Las mágicas noches de verano se llenaron de teatro en enero, gracias a ese heroico evento anual que se llama «Santiago a Mil». Heroico porque, a pesar de que la demanda por ver teatro en Chile es exigua, trajeron excelentes compañías extranjeras: vimos obras dadas por eslovenos, rusos, croatas, polacos e italianos, con subtítulos en español que, en general, seguían el texto. Con todo, es una pena que los santiaguinos estén tan lejos de dar, en el ámbito cultural, el salto que han dado en el consumo de bienes materiales. En demasiadas ocasiones, los teatros estaban mitad vacíos, lo que tiene que haber deprimido a los actores extranjeros.

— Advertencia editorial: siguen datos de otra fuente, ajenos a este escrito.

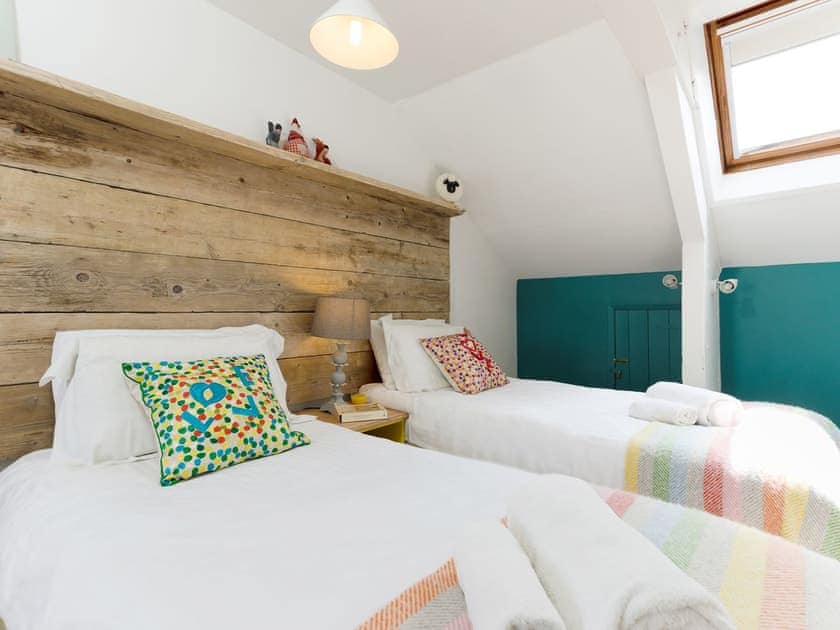 Twin bedroom | Stables - Court Farm Holidays, Marhamchurch, near Bude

Esperemos que, con el tiempo, el festival logre generar la demanda que se merece. Para eso, cabe que se publicite mejor, no sólo en Chile sino también en países vecinos, y que re-ciba más apoyo de la prensa. Por ejemplo que ésta sea capaz, como en un país desarrollado, de publicar una crítica de cada obra cuando se estrena. Eso va, por cier-to, también para el teatro chileno durante el resto del año. Para que haya oferta cultural en una ciudad se necesita demanda, y para que la haya, la labor analítica de la prensa es fundamental.

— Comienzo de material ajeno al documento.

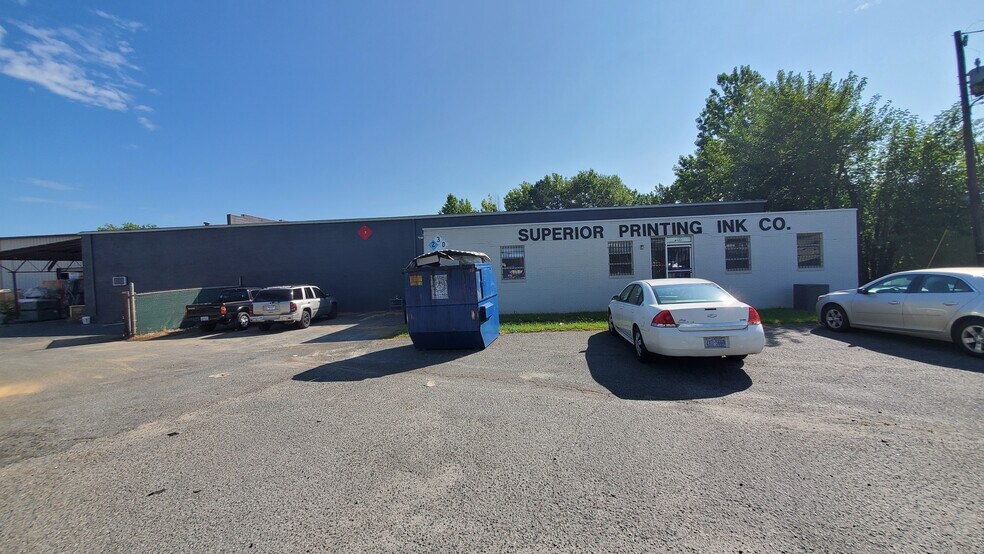 More Photos Of 4820 Rozzelles Ferry Rd, Charlotte Manufacturing For Lease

La producción extranjera que más me gustó fue la de «La gaviota», de Chéjov, montada en croata por el teatro de la Juventud de Zagreb. Estrenada en San Petersburgo en 1896, es una obra menor comparada con «Tío Vania», «Tres hermanas», y » El jardín de los cerezos», las tres últimas obras de Chéjov, que fueron montadas en Moscú por el gran director Konstantin Stanislavsky, y que hacen que su autor sea uno de los grandes dramaturgos de todos los tiempos. Situadas siempre en una casa de campo, la escueta acción de estas obras consiste en poco más que tomar té, salir a caminar, soñar un poco (como las tres hermanas, que sueñan que algún día irán a Moscú), pelear, reconciliarse, llorar, reírse y malentenderse, tanto en los temas más banales como en los más sublimes, como el del amor. De repente, la desordenada conversación desemboca en un largo silencio, interrumpido sólo por el lejano ladrido de un perro, el zumbido de un zancudo o la entrada intempestiva de algún intruso, que se queja del calor del verano, o del dolor de su espalda. Es un mundo en que priman los personajes sobre la acción, lo que les da a los actores la oportunidad de lucirse, sobre todo si siguen el método de Stanislavsky, en que el actor aprende a encarnar el personaje que representa, a sentirlo hasta en los huesos.

«La gaviota» tiene todos estos ingredientes, pero tiene también mucho argumento -demasiado-, y caprichosos afanes simbolistas, que recuerdan más a Ibsen que a Chéjov. Sin embargo, no es una obra insignificante, sobre todo cuando está bien dada. La escenografía de los croatas me pareció mediocre, pero me conmovió ver a actores que viven la vida de los personajes como lo habría querido Stanislavsky. Parecían de verdad una familia, como si siempre hubieran estado juntos en el escenario. La actuación fue muy rusa. La primera parte la dieron como farsa, logrando así que la tragedia de la segunda, en que Kostya se suicida y Nina se vuelve loca, pareciera, por contraste, terrible. Así es Chéjov, y también Gogol o Dostoievsky: nada más ruso que ese humor burlesco que es separado de la tragedia por una línea tan delgada, que nadie la ve sino cuando ya es muy tarde.

Increíble que en Santiago uno pueda ver un Chéjov de esa calidad, en croata. A los organizadores del festival, Santiago les debe mucho. Mucho más (¿o es demasiado poco decir?) que a cualquiera de esos próceres políticos que en febrero nos consuelan con su ausencia.